• [THE TASK]
From the material below, retype exactly the lines that begin at the line with "Squalane + Vitamin" and end after the line with "CBCT PTV Match"; pictures stay out of the copy.

• [RECORDS SUPPLIED]
──────────────────────────────
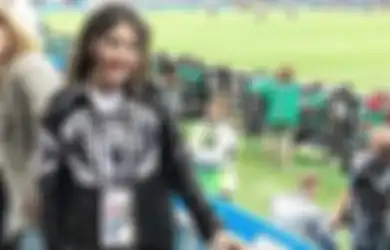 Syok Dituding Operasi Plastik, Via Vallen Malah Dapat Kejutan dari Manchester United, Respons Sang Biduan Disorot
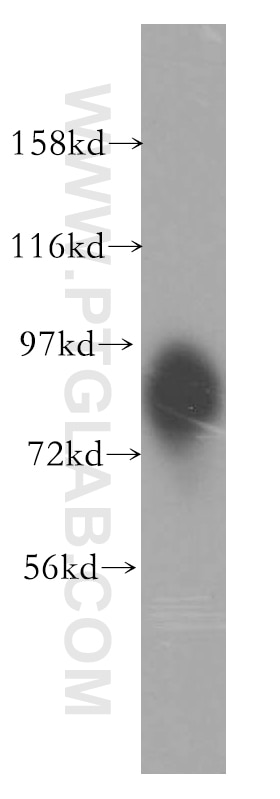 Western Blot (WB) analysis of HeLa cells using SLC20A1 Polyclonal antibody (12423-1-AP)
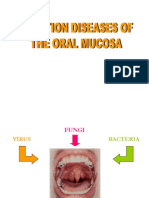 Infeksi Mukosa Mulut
──────────────────────────────
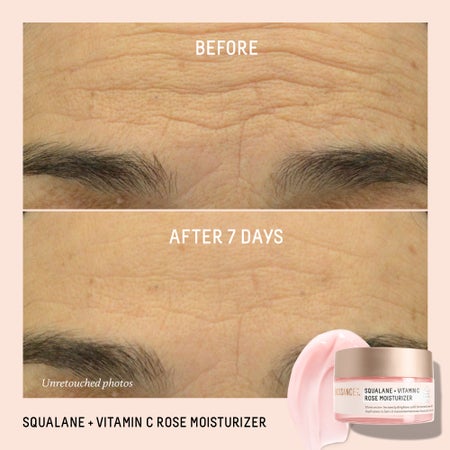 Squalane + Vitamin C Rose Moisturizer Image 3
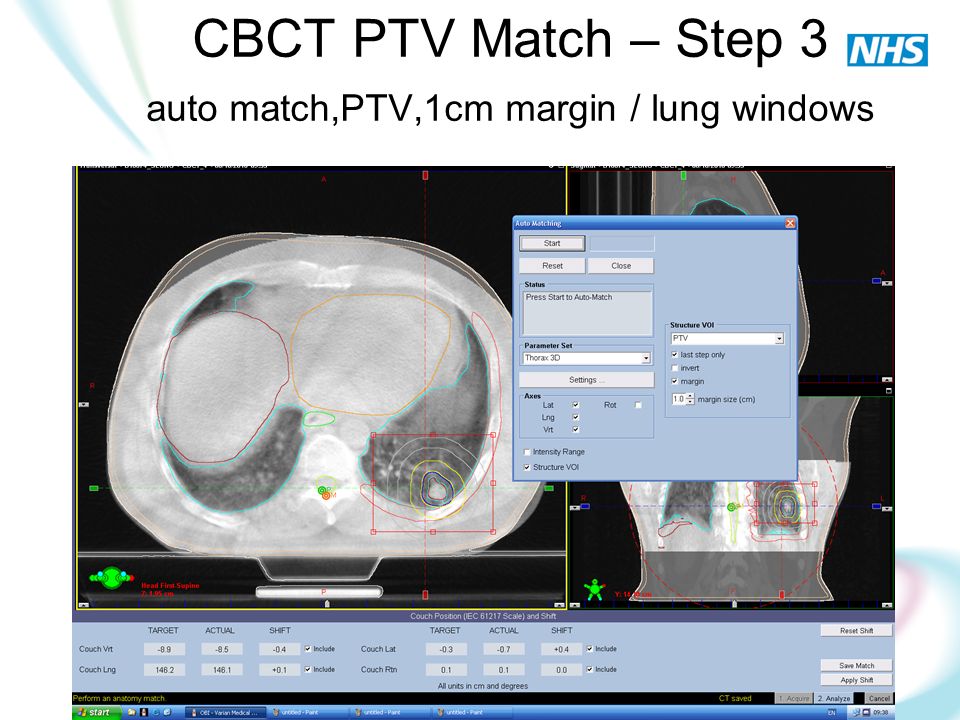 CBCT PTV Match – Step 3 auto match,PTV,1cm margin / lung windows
──────────────────────────────
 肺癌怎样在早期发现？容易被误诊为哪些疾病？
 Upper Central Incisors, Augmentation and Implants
──────────────────────────────
• [EXERCISE OUTPUT]
 Squalane + Vitamin C Rose Moisturizer Image 3
 CBCT PTV Match – Step 3 auto match,PTV,1cm margin / lung windows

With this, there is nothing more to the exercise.